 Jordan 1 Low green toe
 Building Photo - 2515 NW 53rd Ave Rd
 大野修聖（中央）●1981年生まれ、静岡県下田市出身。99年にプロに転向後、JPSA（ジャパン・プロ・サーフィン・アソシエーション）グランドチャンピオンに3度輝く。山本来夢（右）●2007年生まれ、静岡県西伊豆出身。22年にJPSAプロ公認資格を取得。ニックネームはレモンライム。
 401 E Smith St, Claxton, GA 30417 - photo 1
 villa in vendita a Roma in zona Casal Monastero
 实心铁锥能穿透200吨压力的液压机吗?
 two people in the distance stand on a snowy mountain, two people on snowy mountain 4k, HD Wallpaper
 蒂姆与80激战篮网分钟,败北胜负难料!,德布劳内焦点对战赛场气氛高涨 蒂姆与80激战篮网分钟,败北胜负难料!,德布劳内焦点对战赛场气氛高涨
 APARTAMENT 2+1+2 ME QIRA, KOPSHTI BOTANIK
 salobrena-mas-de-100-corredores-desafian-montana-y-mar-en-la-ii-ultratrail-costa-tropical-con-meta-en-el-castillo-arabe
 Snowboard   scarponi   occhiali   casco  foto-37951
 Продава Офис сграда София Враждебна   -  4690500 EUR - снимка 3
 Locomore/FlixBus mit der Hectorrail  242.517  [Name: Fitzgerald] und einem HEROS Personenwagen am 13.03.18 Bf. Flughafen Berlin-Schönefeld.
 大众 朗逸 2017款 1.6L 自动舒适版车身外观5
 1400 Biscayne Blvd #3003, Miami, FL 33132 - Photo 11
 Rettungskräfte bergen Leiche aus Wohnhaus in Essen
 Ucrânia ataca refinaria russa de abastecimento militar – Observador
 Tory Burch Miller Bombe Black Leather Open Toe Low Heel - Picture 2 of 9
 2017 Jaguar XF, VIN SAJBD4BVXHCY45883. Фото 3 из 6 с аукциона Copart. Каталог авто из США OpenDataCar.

**********

*WHAT TO WORK ON*
Print the records above exactly. Omit nothing.

*SOLUTION TO THIS PROBLEM*
 Jordan 1 Low green toe
 Building Photo - 2515 NW 53rd Ave Rd
 大野修聖（中央）●1981年生まれ、静岡県下田市出身。99年にプロに転向後、JPSA（ジャパン・プロ・サーフィン・アソシエーション）グランドチャンピオンに3度輝く。山本来夢（右）●2007年生まれ、静岡県西伊豆出身。22年にJPSAプロ公認資格を取得。ニックネームはレモンライム。
 401 E Smith St, Claxton, GA 30417 - photo 1
 villa in vendita a Roma in zona Casal Monastero
 实心铁锥能穿透200吨压力的液压机吗?
 two people in the distance stand on a snowy mountain, two people on snowy mountain 4k, HD Wallpaper
 蒂姆与80激战篮网分钟,败北胜负难料!,德布劳内焦点对战赛场气氛高涨 蒂姆与80激战篮网分钟,败北胜负难料!,德布劳内焦点对战赛场气氛高涨
 APARTAMENT 2+1+2 ME QIRA, KOPSHTI BOTANIK
 salobrena-mas-de-100-corredores-desafian-montana-y-mar-en-la-ii-ultratrail-costa-tropical-con-meta-en-el-castillo-arabe
 Snowboard   scarponi   occhiali   casco  foto-37951
 Продава Офис сграда София Враждебна   -  4690500 EUR - снимка 3
 Locomore/FlixBus mit der Hectorrail  242.517  [Name: Fitzgerald] und einem HEROS Personenwagen am 13.03.18 Bf. Flughafen Berlin-Schönefeld.
 大众 朗逸 2017款 1.6L 自动舒适版车身外观5
 1400 Biscayne Blvd #3003, Miami, FL 33132 - Photo 11
 Rettungskräfte bergen Leiche aus Wohnhaus in Essen
 Ucrânia ataca refinaria russa de abastecimento militar – Observador
 Tory Burch Miller Bombe Black Leather Open Toe Low Heel - Picture 2 of 9
 2017 Jaguar XF, VIN SAJBD4BVXHCY45883. Фото 3 из 6 с аукциона Copart. Каталог авто из США OpenDataCar.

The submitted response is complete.